Despite what you see on TV and in the movies, libraries do not just hand over people’s reading records to any guy who walks in off the street and says he’s a detective. In fact, in Ohio the law specifies that, “A library shall not release any library record or disclose any patron information….” But what if you choose to purchase your reading materials over the Internet? Or even just download free ebooks? Even if the website promises to keep your information private, is that actually possible? In Europe, a proposed “right to be forgotten” may be doomed before it even starts because of the nature of the Internet.
- Report by European body cautious about “right to be forgotten” (Technollama/Andres Guadamuz) “‘The right to be forgotten’ is one of the elements of the new proposed regulation [pdf] (January 2012) on data protection of the European Commission. The right allows people to ask for digitally held personal information to be deleted. The regulation is still to be adopted by the European Parliament. Therefore the EU’s ‘cyber security’ Agency ENISA is launching its new report covering the technical aspects of ‘being forgotten’, as technology and information systems play a critical role in enforcing this right.”
- The right to be forgotten – between expectations and practice [links to full report, pdf] (European Network and Information Security Agency) “In a completely open system like the (vast) public portion of today’s world-wide web, anyone can make copies of a public data item and store them at arbitrary locations. Moreover, the system does not account for the number, owner or location of such copies. In such an open system it is not generally possible for a person to locate all personal data items (exact or derived) stored about them; it is difficult to determine whether a person has the right to request removal of a particular data item; nor does any single person or entity have the authority or jurisdiction to effect the deletion of all copies. Therefore, enforcing the right to be forgotten is impossible in an open, global system, in general.”

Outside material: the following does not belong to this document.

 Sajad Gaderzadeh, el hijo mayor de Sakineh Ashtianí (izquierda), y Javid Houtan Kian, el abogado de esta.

- Why big data could sink Europe’s ‘right to be forgotten’ (GigaOM/David Meyer) “If data gets aggregated and crunched by analytics software, you can’t say in all cases that the process can’t be reverse-engineered, particularly when you’re correlating different sets of derived data. But getting it out is, well, a challenge. This isn’t the only problem ENISA’s identified.”

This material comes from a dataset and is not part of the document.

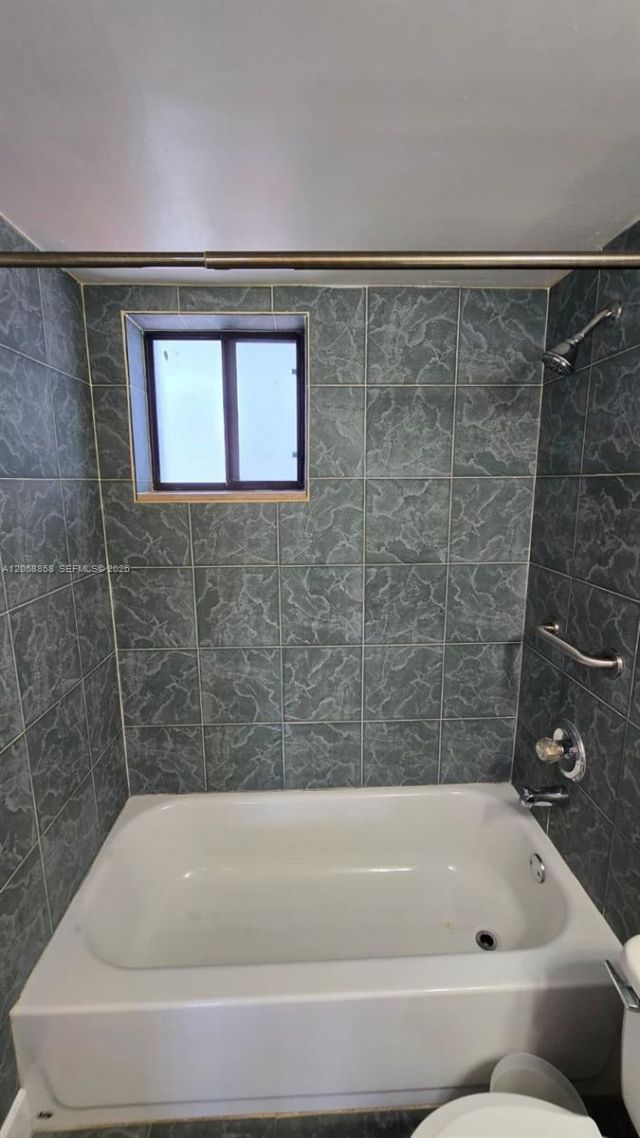 5290 W 21st Ct , Unit 304, Hialeah, FL 33016 Photo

- Facebook: Proposed EU ‘right to be forgotten’ raises “major concerns” over freedom of expression online (The Next Web/Martin Bryant) “While it’s easy to paint Facebook as a bad guy for speaking out against new data protection laws, the voice of social networks is important in considering any such legislation lest we end up with a clunkier, more frustrating version of the social Web thanks to overly zealous legislators in Brussels.”

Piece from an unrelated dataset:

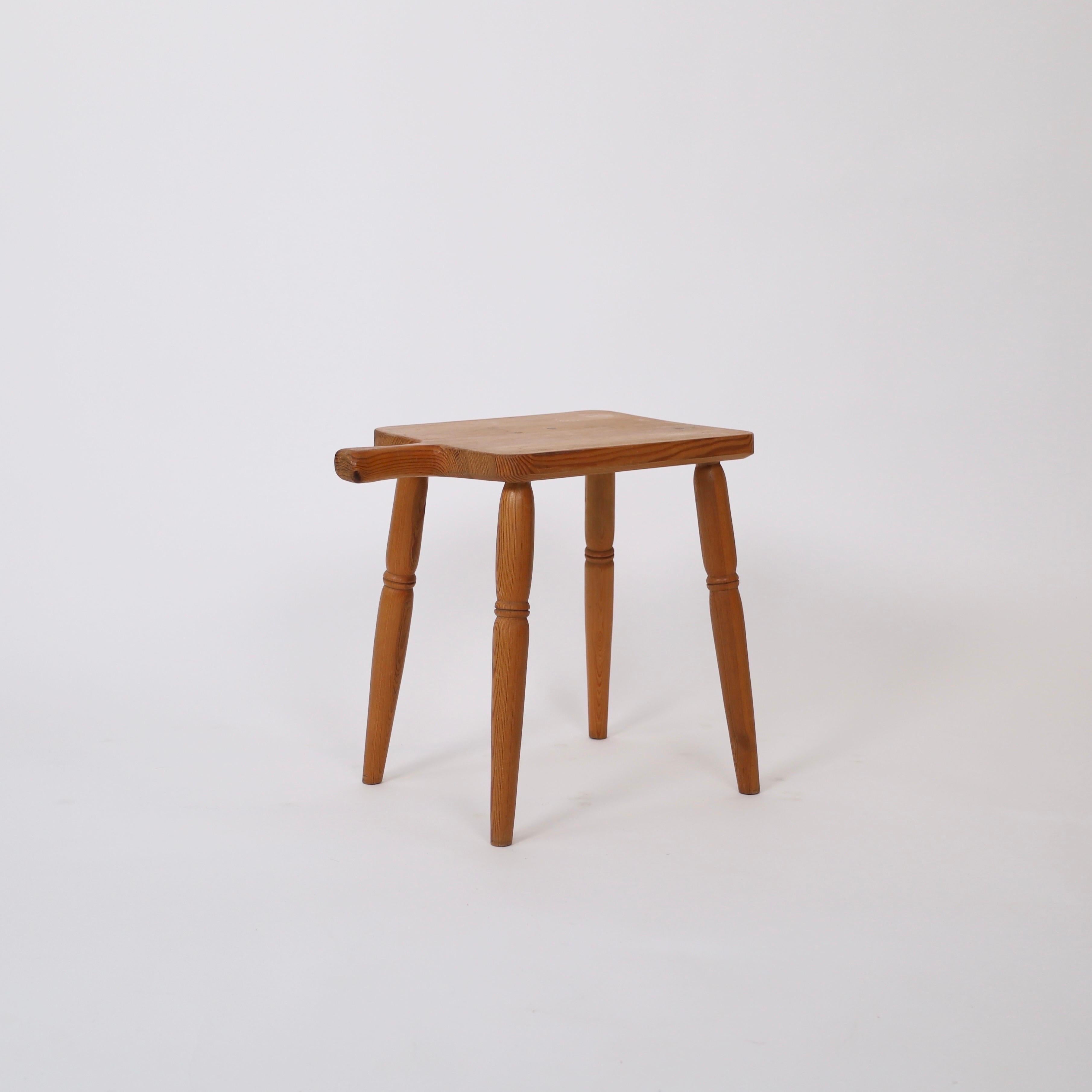 Tabouret en pin, Suède, années 1970 État moyen - En vente à Værløse, DK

The ENISA report identifies three levels of “forgetting”: strict, in which all copies of personal data are erased to the point where recovering the data is impossible; slightly weaker, which would allow encrypted copies of the data to survive, as long as they can only be deciphered by authorized parties; and even weaker, in which data could survive, as long as it would no longer appear in public indices, database query results, or search engine results.